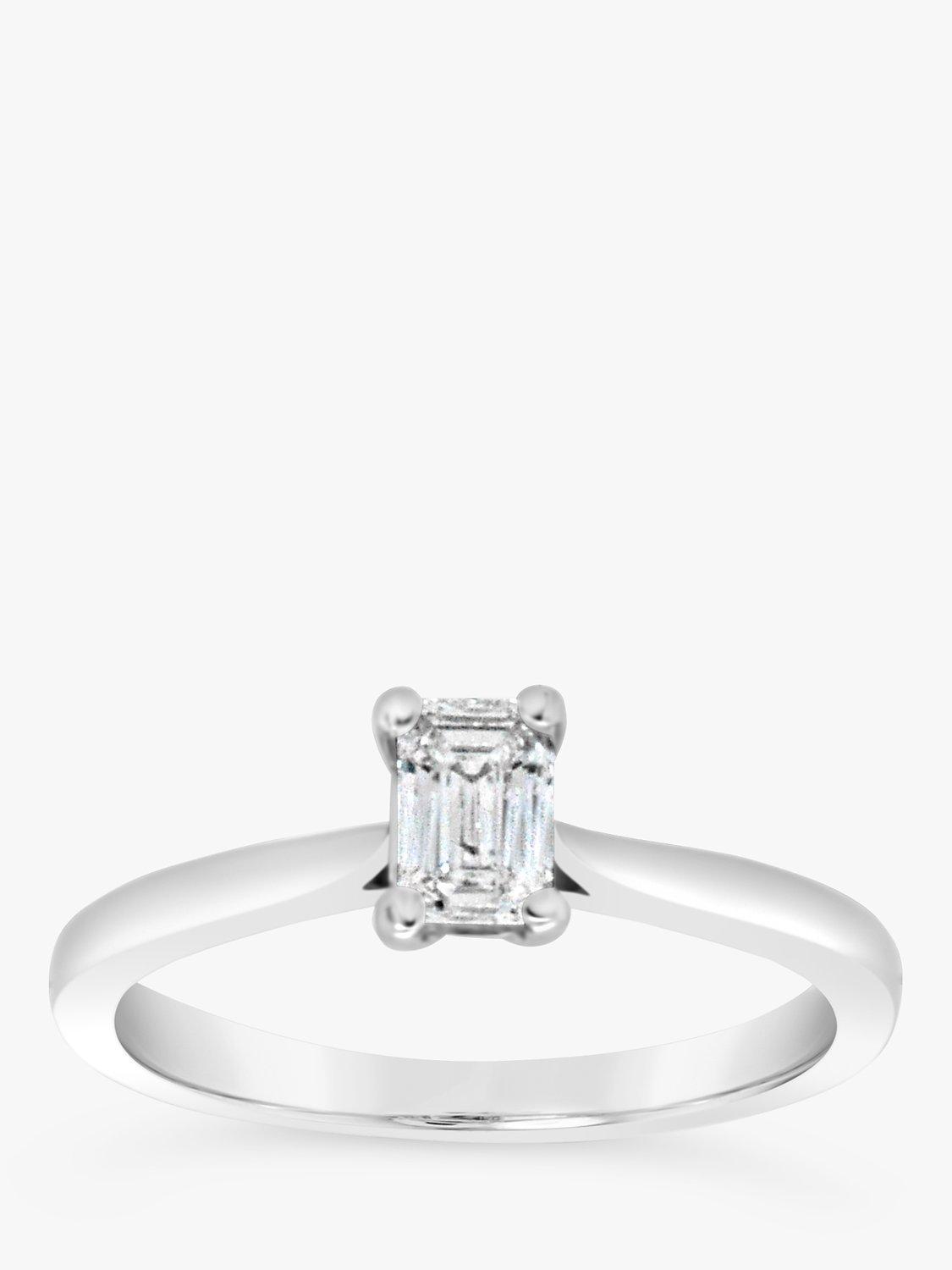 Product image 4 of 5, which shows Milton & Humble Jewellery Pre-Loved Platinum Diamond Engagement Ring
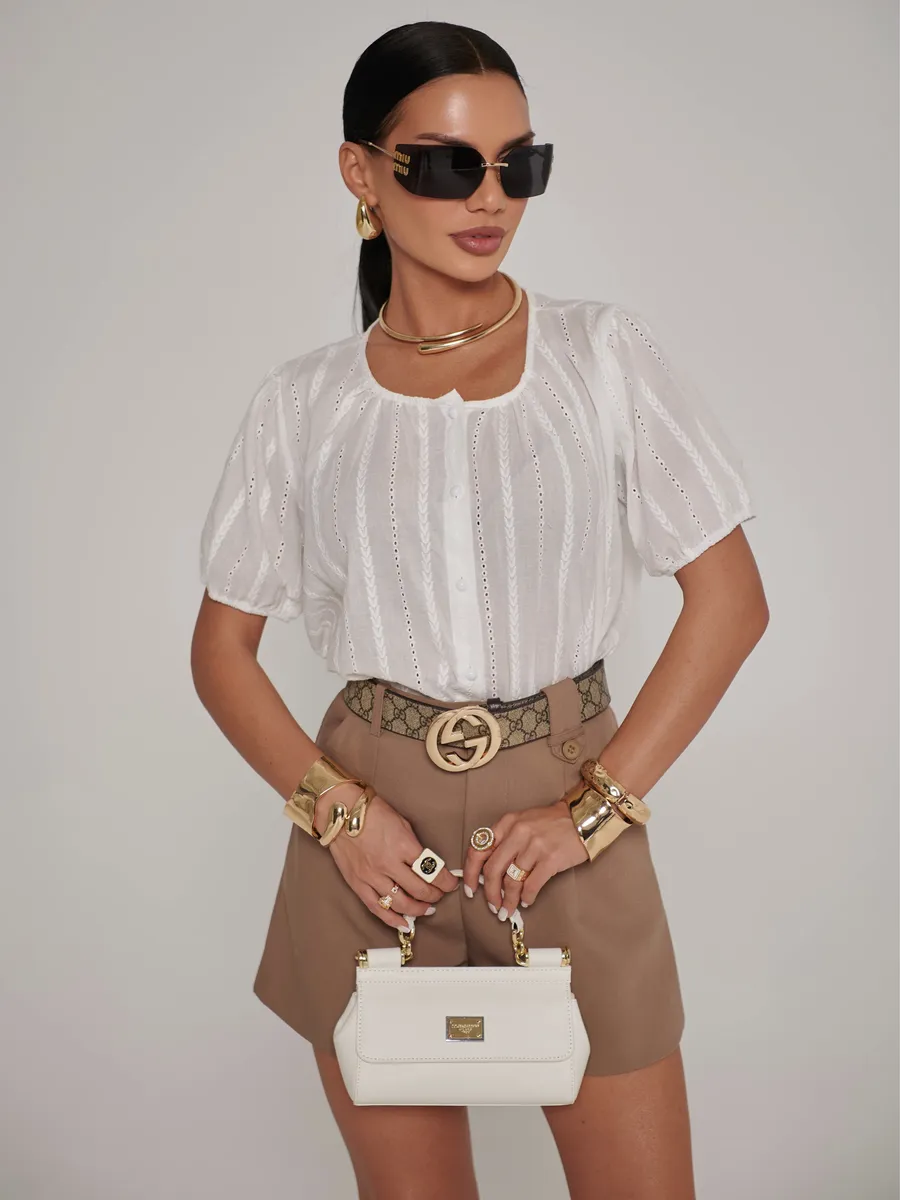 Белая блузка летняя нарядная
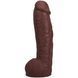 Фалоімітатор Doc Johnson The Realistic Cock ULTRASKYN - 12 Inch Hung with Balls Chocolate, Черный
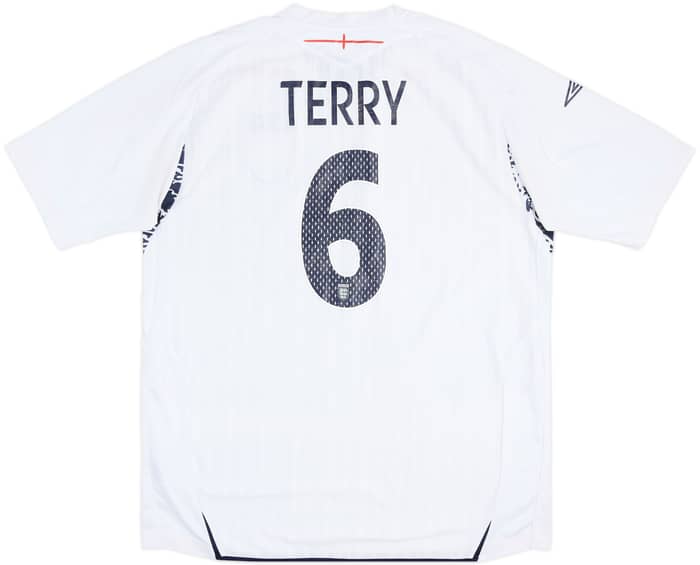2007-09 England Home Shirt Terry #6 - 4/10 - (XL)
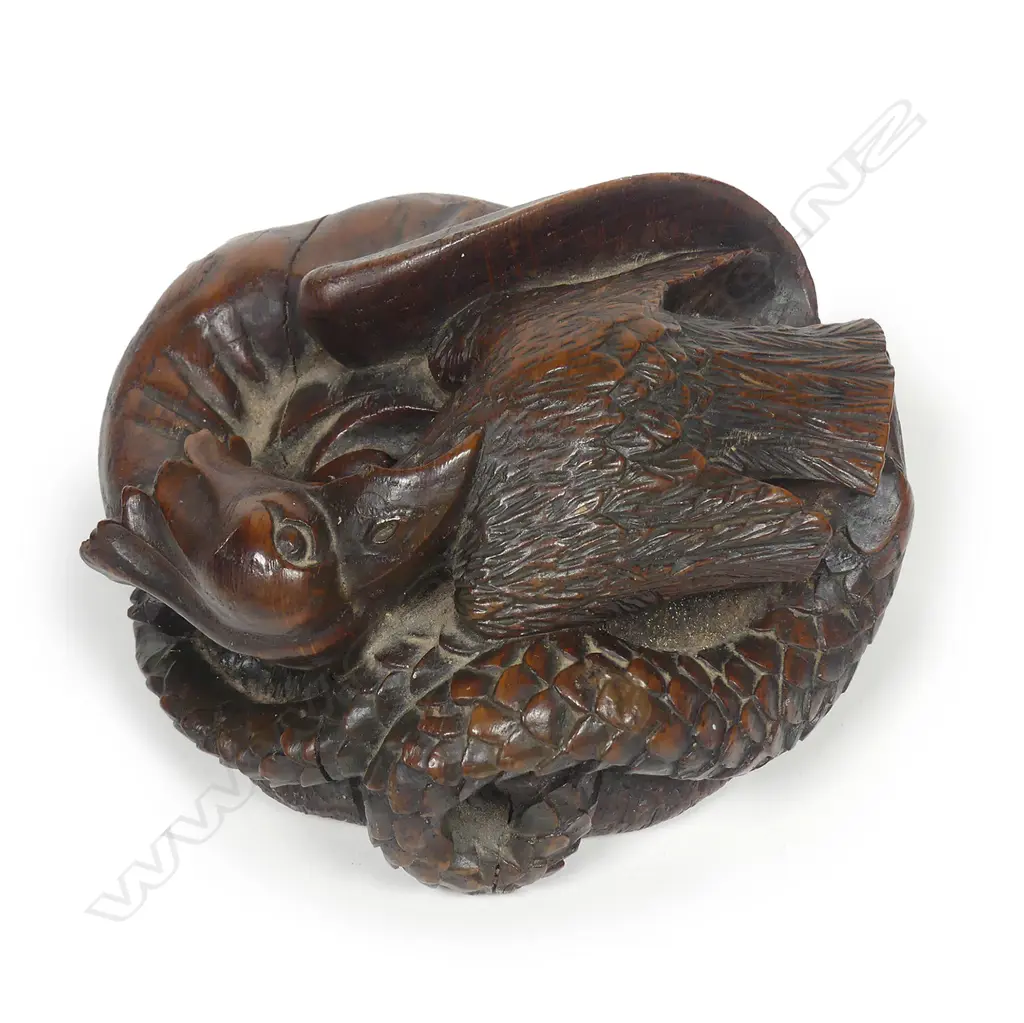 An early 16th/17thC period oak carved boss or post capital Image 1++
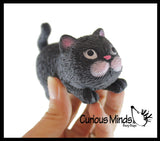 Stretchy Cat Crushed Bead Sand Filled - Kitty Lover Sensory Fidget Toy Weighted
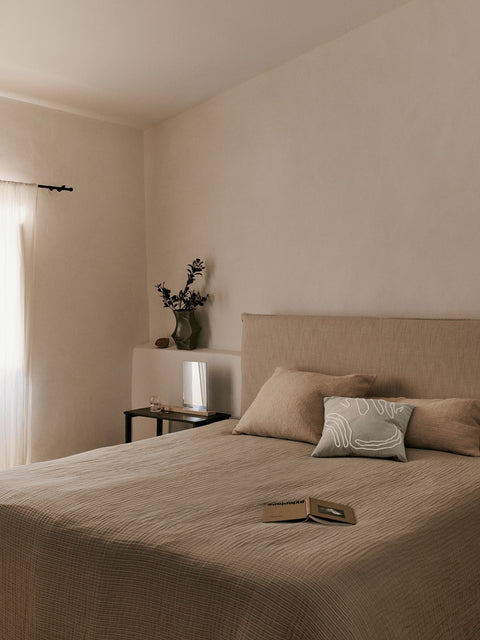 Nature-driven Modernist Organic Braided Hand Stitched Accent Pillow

◇ ◇ ◇

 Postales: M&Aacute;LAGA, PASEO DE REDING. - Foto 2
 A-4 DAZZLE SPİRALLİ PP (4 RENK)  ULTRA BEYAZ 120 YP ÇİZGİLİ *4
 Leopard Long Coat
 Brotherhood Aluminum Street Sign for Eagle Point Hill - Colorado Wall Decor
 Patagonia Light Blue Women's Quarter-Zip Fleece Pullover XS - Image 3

◇ ◇ ◇

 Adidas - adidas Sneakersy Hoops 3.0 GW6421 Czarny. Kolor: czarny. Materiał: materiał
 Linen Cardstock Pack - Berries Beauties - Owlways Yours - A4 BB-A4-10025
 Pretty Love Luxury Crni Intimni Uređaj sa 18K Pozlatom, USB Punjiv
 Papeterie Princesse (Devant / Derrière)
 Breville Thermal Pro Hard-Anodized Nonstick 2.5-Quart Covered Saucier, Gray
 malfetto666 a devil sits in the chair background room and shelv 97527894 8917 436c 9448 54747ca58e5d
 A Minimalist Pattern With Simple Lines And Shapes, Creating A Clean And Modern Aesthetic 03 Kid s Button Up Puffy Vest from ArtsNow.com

◇ ◇ ◇

PROBLEM TO WORK ON: Referring to the material above, set down exactly the lines between the line with "Leopard Long Coat" and the line with "Patagonia Light Blue", inclusive, and no other lines.

REPLY:
 Leopard Long Coat
 Brotherhood Aluminum Street Sign for Eagle Point Hill - Colorado Wall Decor
 Patagonia Light Blue Women's Quarter-Zip Fleece Pullover XS - Image 3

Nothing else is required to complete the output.